Vicarious Surgical Inc. (NYSE:RBOT) Q4 2024 Earnings Call Transcript

Vicarious Surgical Inc. (NYSE:RBOT) Q4 2024 Earnings Call Transcript March 17, 2025

Vicarious Surgical Inc. beats earnings expectations. Reported EPS is $-2.43, expectations were $-2.69.

Operator: Good afternoon. Thank you for attending the Vicarious Surgical’s 2024 Fourth Quarter and Full Year Earnings Call. My name is Cameron and I will be your moderator for today. All lines have been muted during the presentation portion of the call within an opportunity for question-and-answer at the end. [Operator Instructions] And I would now like to pass the conference over to your host, Kaitlyn Brosco, Director of IR. You may proceed.

Kaitlyn Brosco : Thank you, Cameron, and thank you all for joining. With me on today’s call is Adam Sachs, Co-Founder and Chief Executive Officer; and Randy Clark, Company President. Today after market closed, Vicarious Surgical released financial results for the three months and full year ended December 31, 2024. A copy of the press release is available on the company website. Before we begin, I’d like to remind you that management will make statements during this call that include forward-looking statements within the meaning of federal securities laws which are made pursuant to the Safe Harbor provisions of the Private Securities Litigation Reform Act of 1995. Any statements contained in this call not related to expectations or predictions of future events, results or performance are forward-looking statements.

All forward-looking statements, including without limitation, those relating to obtaining approval for the Vicarious surgical system and timing for any such approval, our operating trends and future financial performance, expense management, market opportunity and commercialization are based upon our current estimates and various assumptions. These statements involve material risks and uncertainties that could cause actual results or events to materially differ from those anticipated or implied by these forward-looking statements. Accordingly, you should not place any undue reliance on these statements. For a list and description of the risks and uncertainties associated with our business, please refer to the risk factors set forth in our Securities and Exchange Commission filings, including our most recent Form 10-K and Form 10-Q.

This conference call contains time sensitive information and is accurate only as of the live broadcast today. March 17, 2025. Vicarious Surgical disclaims any intention or publication except as required by law, to update or revise any financial projections or forward-looking statements, whether because of new information, future events or otherwise. I’ll now hand the call over to Adam for prepared remarks.

Adam Sachs: Thanks, Kate. Good morning, everyone, and — good afternoon, everyone, and welcome to our fourth quarter and full year 2024 earnings call. We appreciate you joining us today. At Vicarious Surgical, our mission is to improve lives by transforming robotic surgery. And 2024 was a pivotal year in advancing that mission. Throughout the past year, we achieved a number of key development, regulatory and commercial milestones that have positioned us incredibly will help for continued success in 2025. As we’ll discuss in more detail today, these accomplishments have laid the groundwork for what we believe will be a truly transformative year ahead, as ’25 marks our transition into a clinical stage company. Our most anticipated milestone in 2024 was the successful completion of our Version 1.0 System integration.

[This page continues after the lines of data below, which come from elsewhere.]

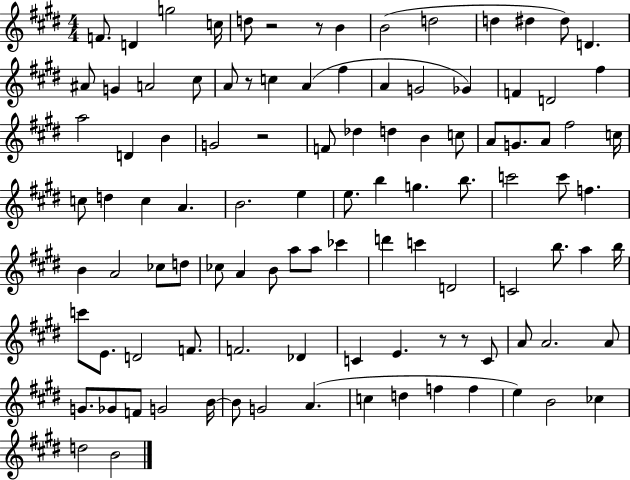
{
  \clef treble
  \numericTimeSignature
  \time 4/4
  \key e \major
  f'8. d'4 g''2 c''16 | d''8 r2 r8 b'4 | b'2( d''2 | d''4 dis''4 dis''8) d'4. | \break ais'8 g'4 a'2 cis''8 | a'8 r8 c''4 a'4( fis''4 | a'4 g'2 ges'4) | f'4 d'2 fis''4 | \break a''2 d'4 b'4 | g'2 r2 | f'8 des''4 d''4 b'4 c''8 | a'8 g'8. a'8 fis''2 c''16 | \break c''8 d''4 c''4 a'4. | b'2. e''4 | e''8. b''4 g''4. b''8. | c'''2 c'''8 f''4. | \break b'4 a'2 ces''8 d''8 | ces''8 a'4 b'8 a''8 a''8 ces'''4 | d'''4 c'''4 d'2 | c'2 b''8. a''4 b''16 | \break c'''8 e'8. d'2 f'8. | f'2. des'4 | c'4 e'4. r8 r8 c'8 | a'8 a'2. a'8 | \break g'8. ges'8 f'8 g'2 b'16~~ | b'8 g'2 a'4.( | c''4 d''4 f''4 f''4 | e''4) b'2 ces''4 | \break d''2 b'2 | \bar "|."
} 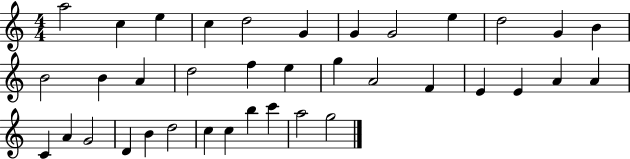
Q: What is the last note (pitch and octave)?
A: G5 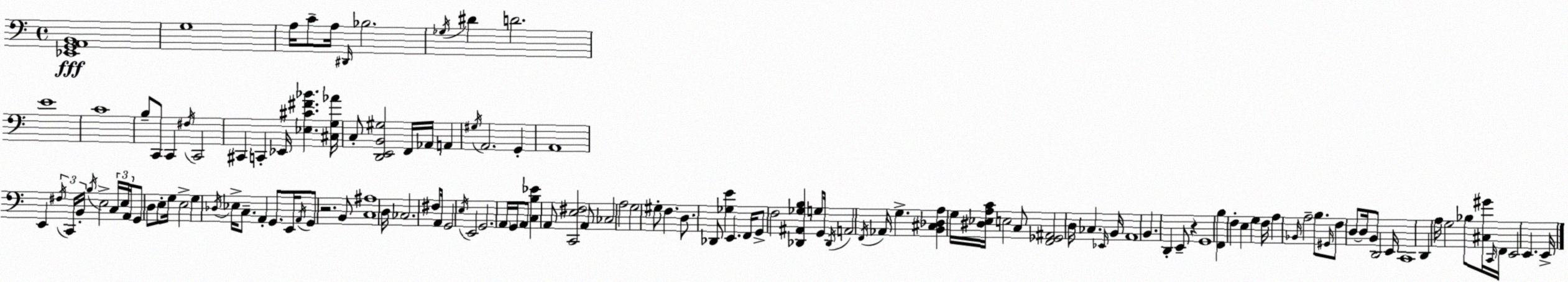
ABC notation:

X:1
T:Untitled
M:4/4
L:1/4
K:C
[_E,,G,,A,,B,,]4 G,4 A,/4 C/2 A,/4 ^D,,/4 _B,2 _G,/4 ^D D2 E4 C4 B,/2 C,,/2 C,, ^F,/4 C,,2 ^C,, C,, _E,,/4 [_E,^C^F_B] [^C,G,_A]/4 C,/2 [D,,E,,B,,^G,]2 F,,/4 _A,,/4 A,, ^G,/4 A,,2 G,, A,,4 E,, ^F,/4 C,,/4 B,,/4 B,/4 E,2 C,/4 E,/4 A,,/4 G,,/2 D,/2 E,/2 G,/4 E,2 G, _D,/4 _E,/4 C,/2 A,, G,,/2 E,,/4 A,,/4 G,,/2 z2 B,,/2 [C,^A,]4 D,/4 _C,2 ^F,/2 A,,/4 G,,2 E,/4 E,,2 G,,2 A,,/4 G,,/4 A,,/2 [C,B,_E] A,,/2 [C,,E,^F,]2 A,,/2 _C,2 A,2 G,2 ^G,/2 F, D,/2 _D,,/2 [_G,E] E,, F,,/4 G,,/2 F,2 [_D,,^A,,_G,B,] G,/2 G,,/4 _D,,/4 A,,2 F,,/4 _A,,/4 G, [B,,^C,_D,A,] G,/4 [^D,_E,A,C]/4 E,2 C,/2 [F,,_G,,^A,,]2 D,/4 _C, _E,,/4 B,,/4 A,,4 B,, D,, E,,/2 z G,,4 [F,,B,] F, E, G, F,/4 A, _B,,/4 A,2 B,/2 ^G,,/4 F,/2 D,/2 D,/4 B,,/2 D,,2 E,,/4 C,,4 D,, A,/4 G,2 _B,/2 [^C,^G]/4 C,,/4 F,,/4 E,,2 E,, E,,/4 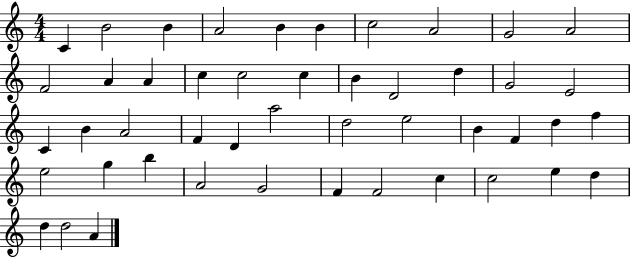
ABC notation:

X:1
T:Untitled
M:4/4
L:1/4
K:C
C B2 B A2 B B c2 A2 G2 A2 F2 A A c c2 c B D2 d G2 E2 C B A2 F D a2 d2 e2 B F d f e2 g b A2 G2 F F2 c c2 e d d d2 A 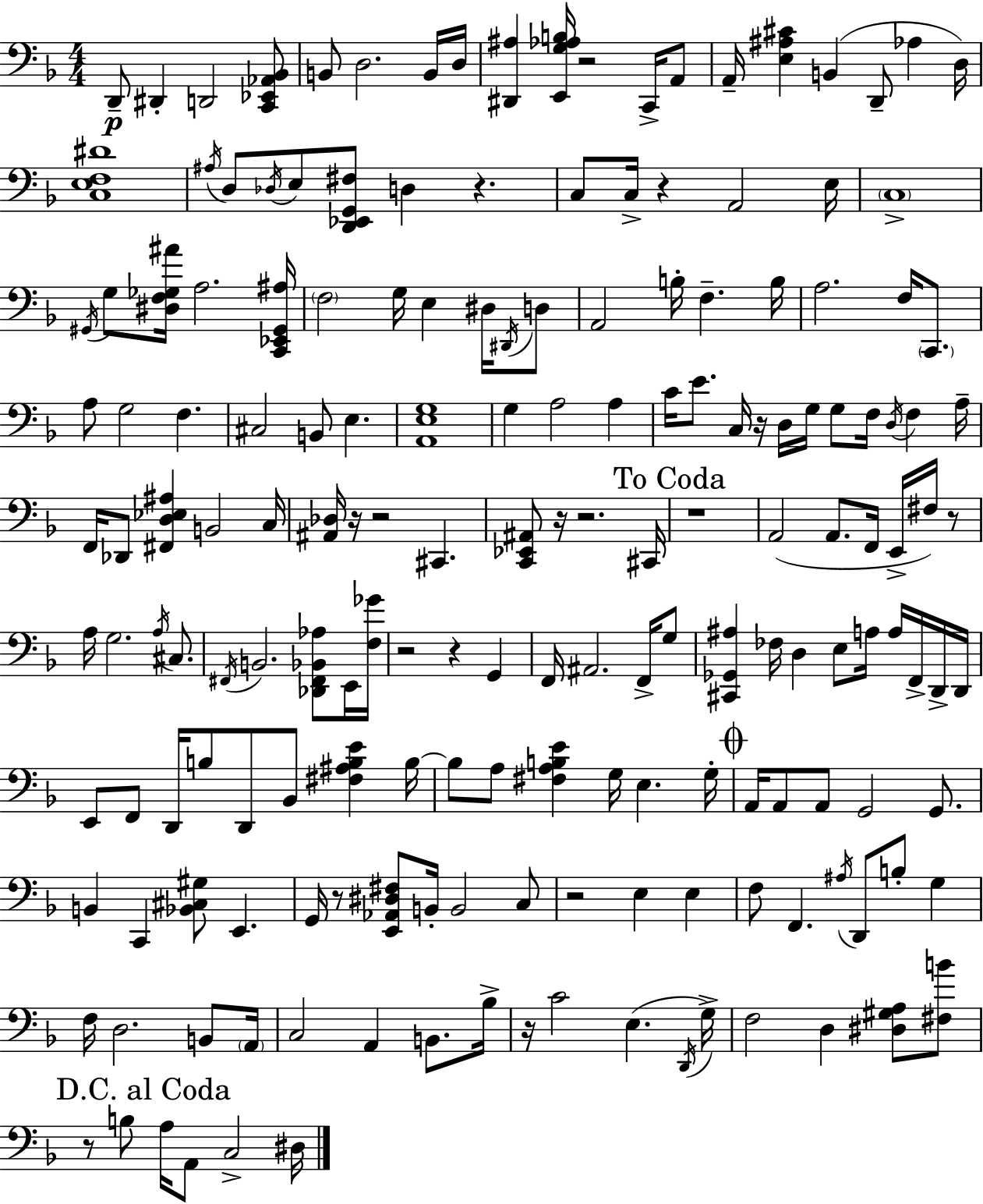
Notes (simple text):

D2/e D#2/q D2/h [C2,Eb2,Ab2,Bb2]/e B2/e D3/h. B2/s D3/s [D#2,A#3]/q [E2,G3,Ab3,B3]/s R/h C2/s A2/e A2/s [E3,A#3,C#4]/q B2/q D2/e Ab3/q D3/s [C3,E3,F3,D#4]/w A#3/s D3/e Db3/s E3/e [D2,Eb2,G2,F#3]/e D3/q R/q. C3/e C3/s R/q A2/h E3/s C3/w G#2/s G3/e [D#3,F3,Gb3,A#4]/s A3/h. [C2,Eb2,G#2,A#3]/s F3/h G3/s E3/q D#3/s D#2/s D3/e A2/h B3/s F3/q. B3/s A3/h. F3/s C2/e. A3/e G3/h F3/q. C#3/h B2/e E3/q. [A2,E3,G3]/w G3/q A3/h A3/q C4/s E4/e. C3/s R/s D3/s G3/s G3/e F3/s D3/s F3/q A3/s F2/s Db2/e [F#2,D3,Eb3,A#3]/q B2/h C3/s [A#2,Db3]/s R/s R/h C#2/q. [C2,Eb2,A#2]/e R/s R/h. C#2/s R/w A2/h A2/e. F2/s E2/s F#3/s R/e A3/s G3/h. A3/s C#3/e. F#2/s B2/h. [Db2,F#2,Bb2,Ab3]/e E2/s [F3,Gb4]/s R/h R/q G2/q F2/s A#2/h. F2/s G3/e [C#2,Gb2,A#3]/q FES3/s D3/q E3/e A3/s A3/s F2/s D2/s D2/s E2/e F2/e D2/s B3/e D2/e Bb2/e [F#3,A#3,B3,E4]/q B3/s B3/e A3/e [F#3,A3,B3,E4]/q G3/s E3/q. G3/s A2/s A2/e A2/e G2/h G2/e. B2/q C2/q [Bb2,C#3,G#3]/e E2/q. G2/s R/e [E2,Ab2,D#3,F#3]/e B2/s B2/h C3/e R/h E3/q E3/q F3/e F2/q. A#3/s D2/e B3/e G3/q F3/s D3/h. B2/e A2/s C3/h A2/q B2/e. Bb3/s R/s C4/h E3/q. D2/s G3/s F3/h D3/q [D#3,G#3,A3]/e [F#3,B4]/e R/e B3/e A3/s A2/e C3/h D#3/s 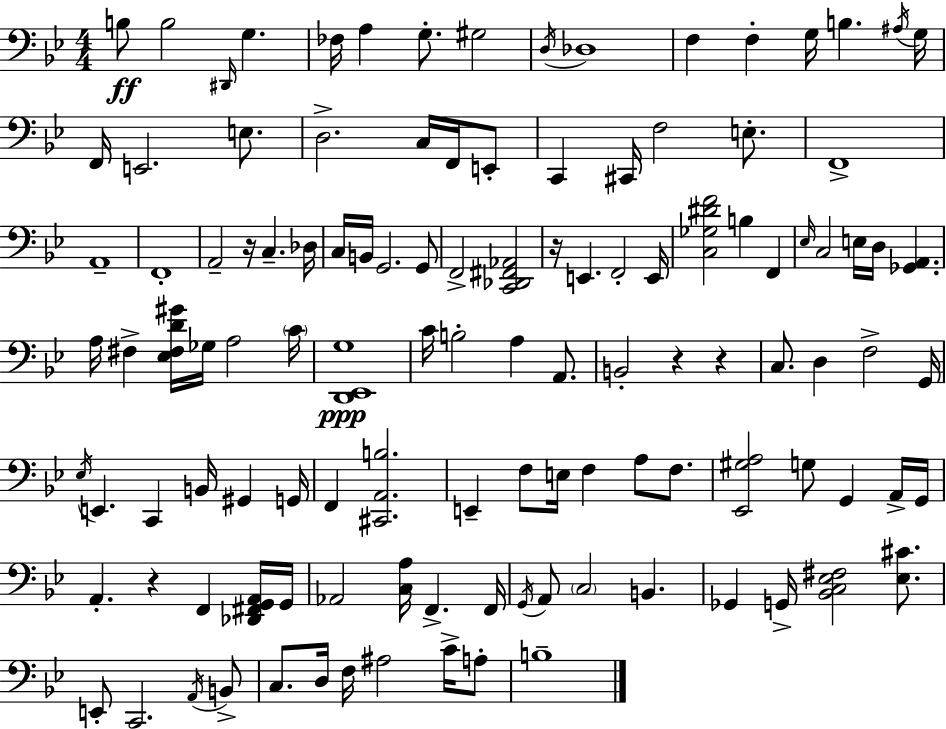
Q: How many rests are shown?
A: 5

As you may recall from our last earnings call, we were just weeks away from our year-end cadaveric lab, a critical event that would signify the achievement of the key development milestones. We’re thrilled to share with cadaveric lab with the success, demonstrating a functionality and performance of our V1.0 system in a cadaveric preclinical setting. This achievement represents a significant step forward in bringing our innovative robotic surgery platform to market and validate the hard work and dedication of our entire team. The Version 1.0 system, the platform we intend to use in our first clinical use is uniquely architected to deliver differentiated value to patients, surgeons and hospitals. Our proprietary decoupled actuators provide a novel mechanism of action, separating it apart from anything currently available.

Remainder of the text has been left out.